Biden heads to Peru for APEC and final Xi meeting

Xi and Biden will meet almost exactly a year after their high-profile summit in San Francisco eased US-China ties.

WASHINGTON - U.S. President Joe Biden on Thursday departed Washington for Lima, Peru, where he is expected to have his third and final in-person meeting with Chinese President Xi Jinping on the sidelines of this year’s Asia-Pacific Economic Cooperation summit.

The pair are slated to meet on Saturday, according to a senior White House official, who briefed reporters on the condition of anonymity. It will be a year and a day since their summit in San Francisco – also on the sidelines of APEC – put a cap on 18 months of frosty ties.

During that meeting, Biden and Xi agreed to reinstate direct military talks as part of a broader reset in relations between the two countries, even as both sides acknowledged vast areas of disagreement.

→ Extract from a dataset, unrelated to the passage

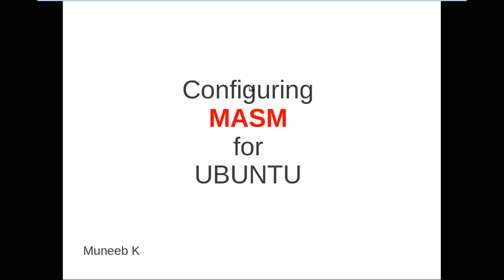In this video, I am going to show you how to configure MASM for Ubuntu operating system. MASM is an assembler used for writing Microsoft assembler programs on this operating system.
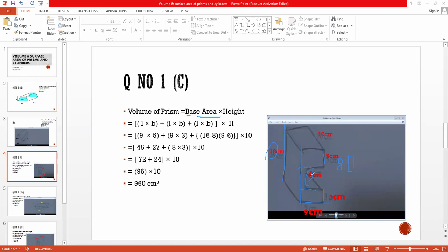The base of this prism consists of three rectangles. The first one is nine into three, the second one is nine into five, and the third one has length eight and breadth three. So the area of the first rectangle is nine times five equals 45, the second is nine times three equals 27, and the third is eight times three equals 24. Adding all three: 45 plus 27 plus 24 equals 96.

The meeting this time round will have a far lower profile, the White House official said, with the leaders reflecting on progress in bilateral ties since last year but otherwise having no set “deliverables.”

“President Biden will want to take stock of the progress we have made,” the official said, noting that they “expect” it would be Biden and Xi’s “last meeting as presidents,” with Donald Trump set to be sworn-in as U.S. president for the second time in a little over two months.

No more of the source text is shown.